Des physiciens trouvent un moyen de réduire considérablement la consommation d'énergie de la mémoire des ordinateurs — la solution était en surface
Des physiciens de l'Université d'Édimbourg ont démontré un moyen de réduire significativement l'énergie nécessaire pour écrire des données dans la mémoire électronique. En utilisant des impulsions de champ magnétique optimisées plutôt qu'une commutation brutale, ils ont obtenu des réductions de plus de dix fois de l'amplitude du champ et de l'énergie par commutation dans des simulations d'aimants de van der Waals.
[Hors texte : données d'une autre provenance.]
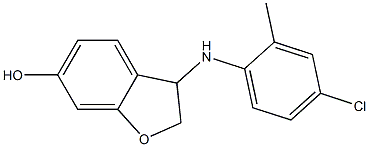 3-[(4-chloro-2-methylphenyl)amino]-2,3-dihydro-1-benzofuran-6-ol Structure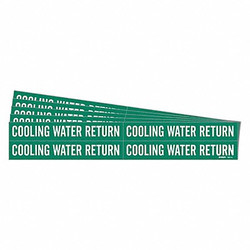 Brady Pipe Marker,Cooling Water Return,PK5 7071-4-PK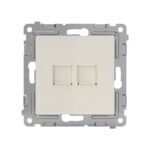 Розетка компьютерная 2-м СП Pixel RJ45 кат.5E механизм беж. TOKOV ELECTRIC TKE-PX-RC2-C02 — изображение 4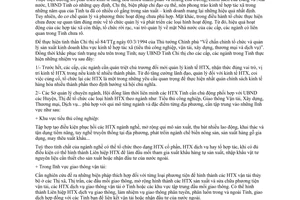 Chỉ thị 29/CT.UB năm 1995 chấn chỉnh tổ chức phát triển kinh tế hợp tác xã An Giang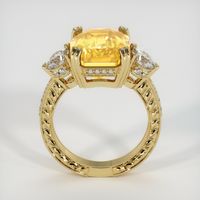 10.99 Ct. Yellow Sapphire Ring, 18K Yellow Gold 3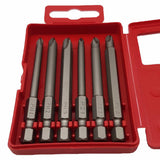 Felo 03291716 Profi Bit Box 6 Bits x 73 mm, Phillips/Pozidriv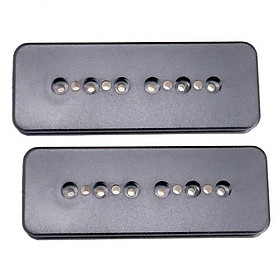 3X 2 Replacement Guitar Humbucker Pickup Slug Bobbin Cover 50/52mm Pole Spacing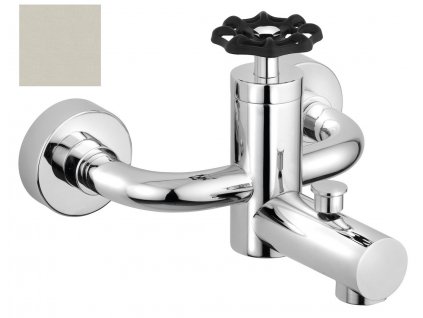 REITANO INDUSTRY nástěnná vanová baterie, nikl/černá 5181TT8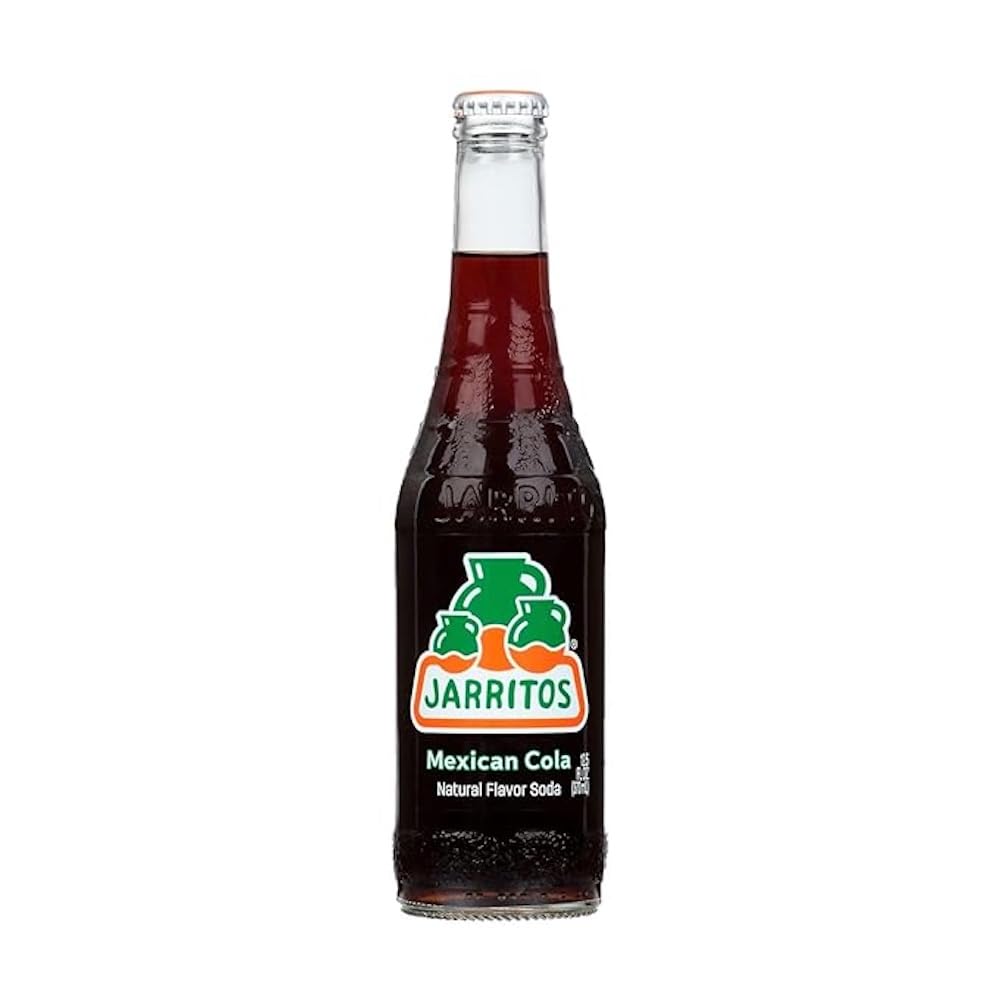 Jarritos Mexican Cola Soft Soda Drink, 12 fl oz Glass Bottles, 12 Pack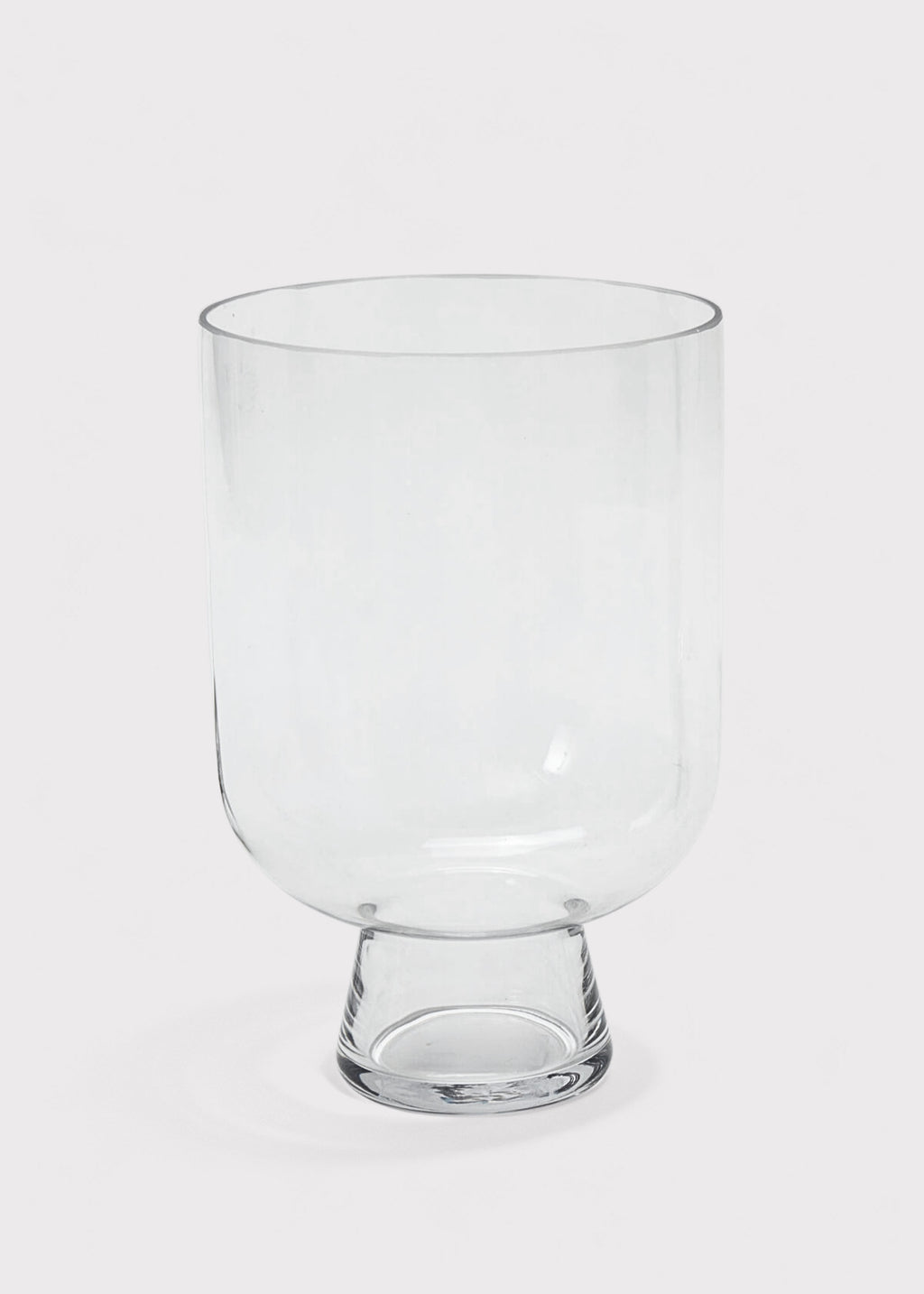 Clear Glass Reservoir Terrarium Vase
Des chercheurs de l'Université d'Édimbourg ont démontré que l'énergie nécessaire pour écrire des données dans la mémoire électronique peut être considérablement réduite, un problème pressant surtout après l'essor des plateformes d'IA générative. Ils ont proposé que les méthodes actuelles pour changer un bit dans les cellules de mémoire magnétique sont loin d'être optimales, ressemblant à des approches brutales qui utilisent des impulsions fortes contre la magnétisation initiale. À la place, ils ont suggéré d'utiliser des champs magnétiques avec des formes variant dans le temps spécialement calculées, qui font passer un élément magnétique de '0' à '1' le long du chemin le plus économe en énergie. Les impulsions ont été calculées en utilisant la théorie du contrôle optimal, et des simulations informatiques ont été réalisées pour les aimants de van der Waals monofeuillets Fe3GaTe2, Fe3GeTe2 et CrSBr. Les spins ont été inversés de manière cohérente en 1 à 10 picosecondes, avec une amplitude de champ magnétique optimisée plus de dix fois inférieure à celle du basculement traditionnel. L'énergie par événement de basculement était d'environ 0,94 à 9,7 nJ, contre 42,8 à 91,2 nJ pour les impulsions de champ magnétique ordinaires. Une optimisation supplémentaire de la taille du dispositif, de l'anisotropie magnétique et du coefficient d'amortissement pourrait théoriquement réduire les coûts jusqu'à des femtojoules. Selon les calculs des auteurs, cette méthode pourrait être plus économe en énergie que les technologies STT-MRAM et SOT-MRAM sous certains paramètres. De plus, la méthode proposée pourrait également être appliquée pour contrôler les courants et les lasers, suggérant une optimisation plus large du traitement des données.